> **Stored data**:
------------
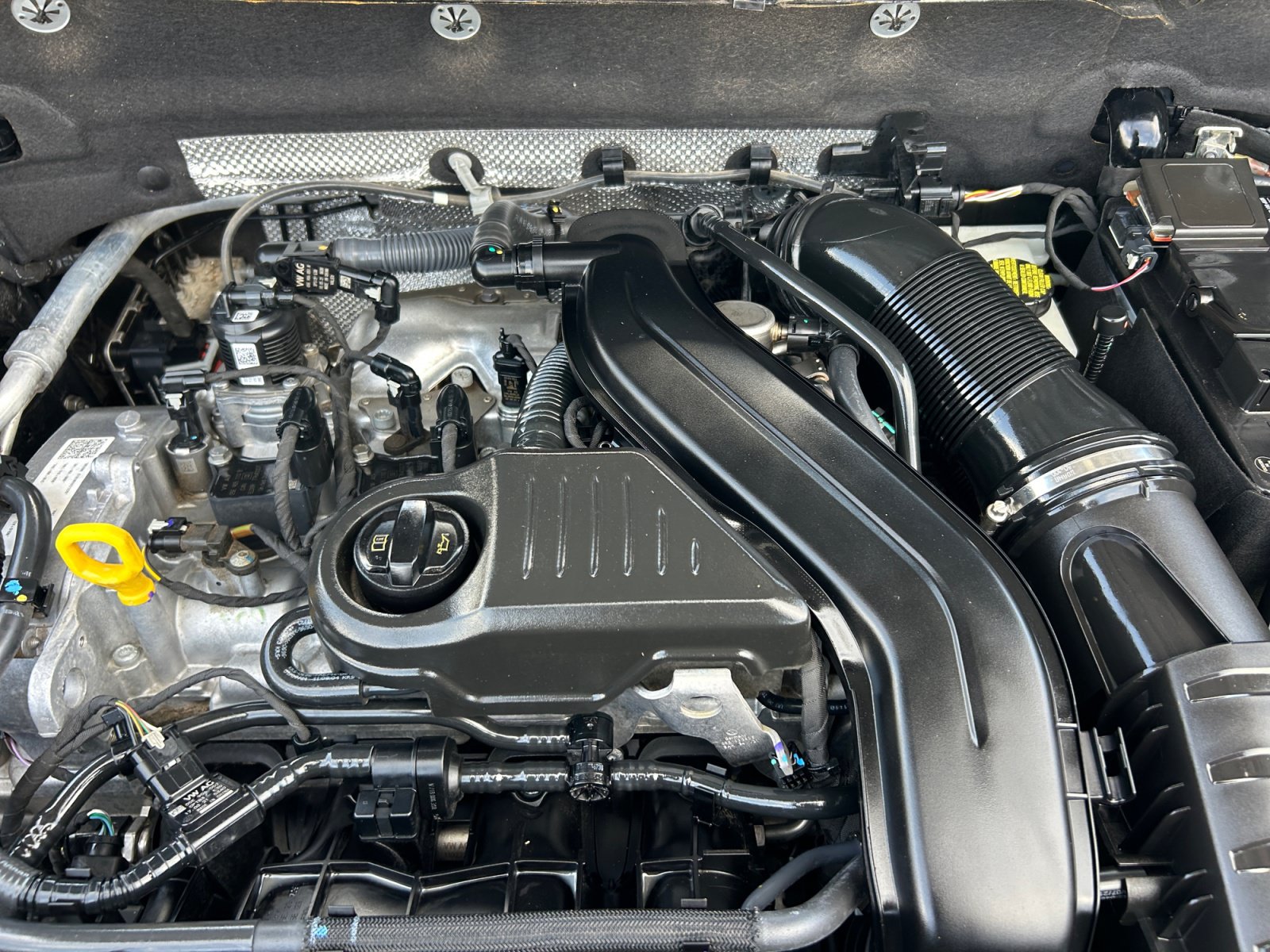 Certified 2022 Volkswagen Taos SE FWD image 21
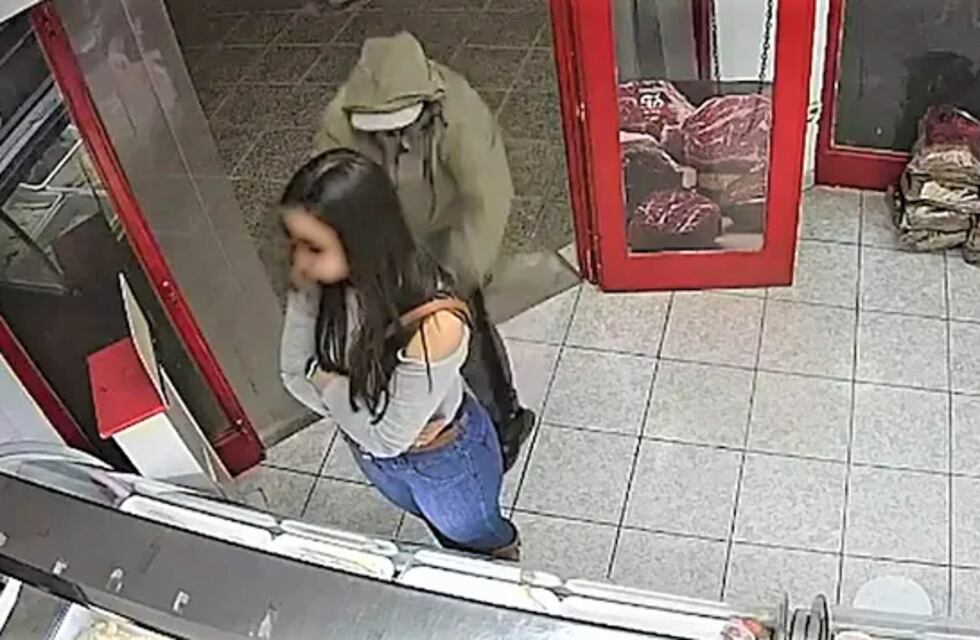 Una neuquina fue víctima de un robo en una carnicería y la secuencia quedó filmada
------------
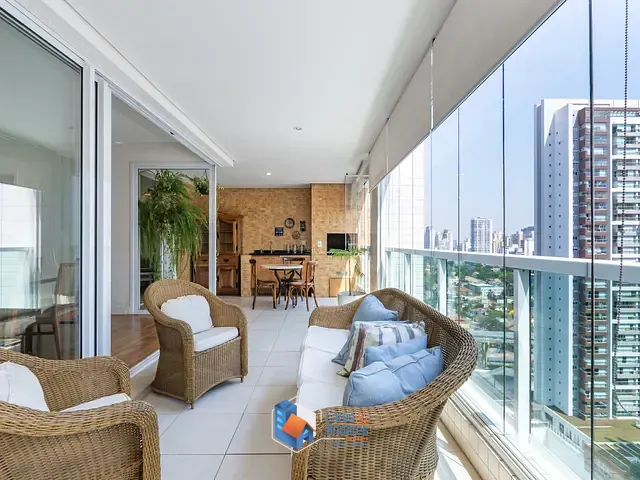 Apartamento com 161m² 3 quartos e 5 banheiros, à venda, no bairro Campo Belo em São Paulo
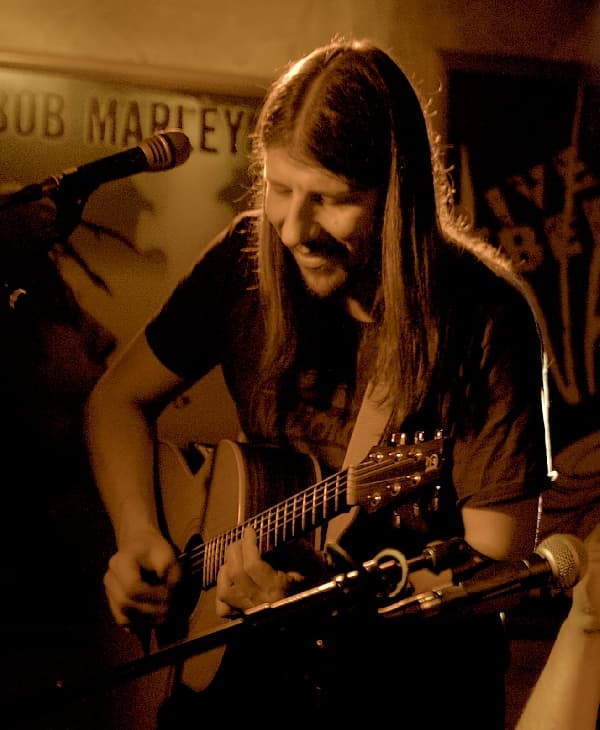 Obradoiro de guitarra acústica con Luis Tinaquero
------------
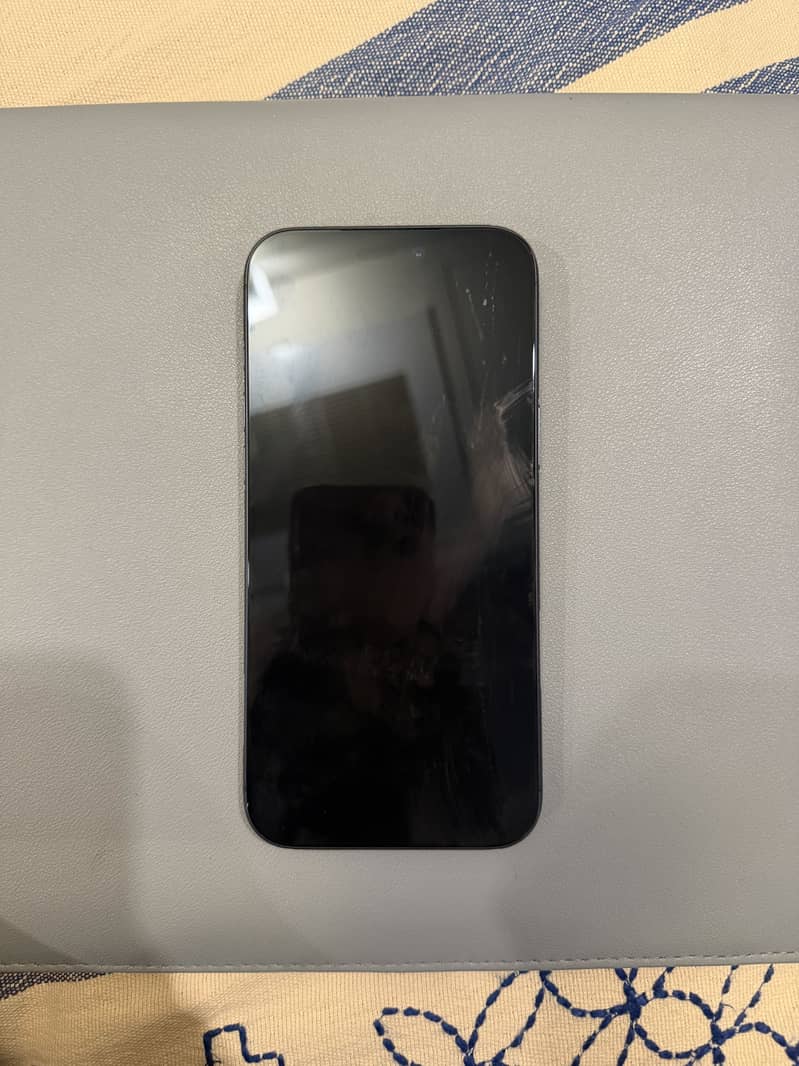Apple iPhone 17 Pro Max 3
------------
> **Aim of the exercise**:
From the records above, copy exactly the lines starting at the one with "Certified 2022 Volkswagen" and ending at the one with "Una neuquina fue", and no others. Pictures stay out.

> **Exercise solution**:
 Certified 2022 Volkswagen Taos SE FWD image 21
 Una neuquina fue víctima de un robo en una carnicería y la secuencia quedó filmada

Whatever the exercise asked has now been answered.